You may want to require that certain formulas have a fixed prior marginal probability regardless of the size of the domain with which a model is instantiated. This is accomplished by dynamically adjusting the weight of the formula when instantiating a ground Markov network. e.g.:
P(myPred(x,y)) = 0.75
or:
P(myPred(x,y) ^ myPred(y,x)) = 0.9
Similarly, you may want to require that the posterior marginal probability of a ground formula be fixed. This essentially corresponds to a specification of soft evidence. e.g.:
R(myPred(X,Y) v myPred(Y,X)) = 0.8
Any formulas for which a constraint is specified must also be part of the MLN (i.e. you must add them to the MLN, with some weight).
Warning
Probability constraints are extensions of the original MLN formalism.
Warning
Limitations: no support for functions, numbers/numeric operators or anything that is related to it formulas must always be preceded by a weight or be terminated by a period, even if they are only to be used in an input MLN for parameter learning no definition can span multiple lines
Inlcuding External Files¶
In an MLN file, other files can be imported by means of the #nclude
directive followed by an pracmln.mln.mlnpath
specification.
There are two different types of #include
statements:
including a file within the same project: If the current .mln file is located in a .pracmln project and the
#include
statement is to refer to a file within the same project, the name of the file can be put in angular brackets, e.g.#include <predicate-decl.mln>
imports the file
predicate-decl.mln
from within the same project into thecurrent mln.including a file from the file system: files outside the current project (of if the MLN is not part of a project) can be referenced by putting the path to file in double quotes, e.g.

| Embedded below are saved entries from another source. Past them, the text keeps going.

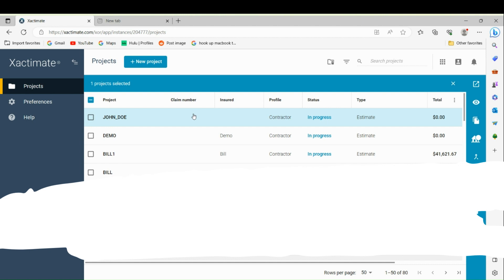You want to have your Xactimate ID number ready. You're going to give them your Xactimate ID and they're going to set you up on their end. You only need to do this one time.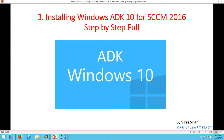Hi friends, welcome to my channel. This is SCCM 2016 step-by-step tutorial and in this video I'm going to show you how to install Windows ADK 10 for SCCM System Center Configuration Manager 2016 step by step.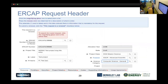The request header captures the main project information: project name, project class, the program you're submitting to, science category, and so forth. Program selection is very important. A common cause of automatic rejection is selecting the wrong BER sub-program — the allocation manager will say 'not my program' and reject it. You then have to find the correct program and resubmit.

#include "${HOME}/mlns/my-project:predicates.mln"
imports the specified MLN relative to the user’s home directory. Note that relative paths are always relative to the referring project/file.
Database/Evidence files¶
A database file may contain:
C++-style comments i.e.
//
and/* ... */
Positive and negative ground literals e.g.
myPred(A,B)
or!myPred(A,B)
, one per line.Soft/fuzzy evidence on ground atoms e.g.
0.6 myPred(A,B)
.Warning
Note that soft evidence is supported only the internal engine and only when using the inference algorithms MC-SAT (which corresponds to MC-SAT-PC when using soft evidence) and IPFP-M. Note that soft evidence on non-atomic formulas can be handled using posterior probability constraints (see above).
Domain extensions like domain declarations (see above); useful if you want to define constants without making any statements about them.
Databases stored in different .db
files are considered independent of
each others by default (independent in its probabilistic meaning). Different
databases that should be treated independent can also be stored in one
single file by separating their contents by three dashes ---
in a single line:
foo(x,y)
bar(y,z)
---
foo(a,b)
bar(b,c)
represents two independent databases.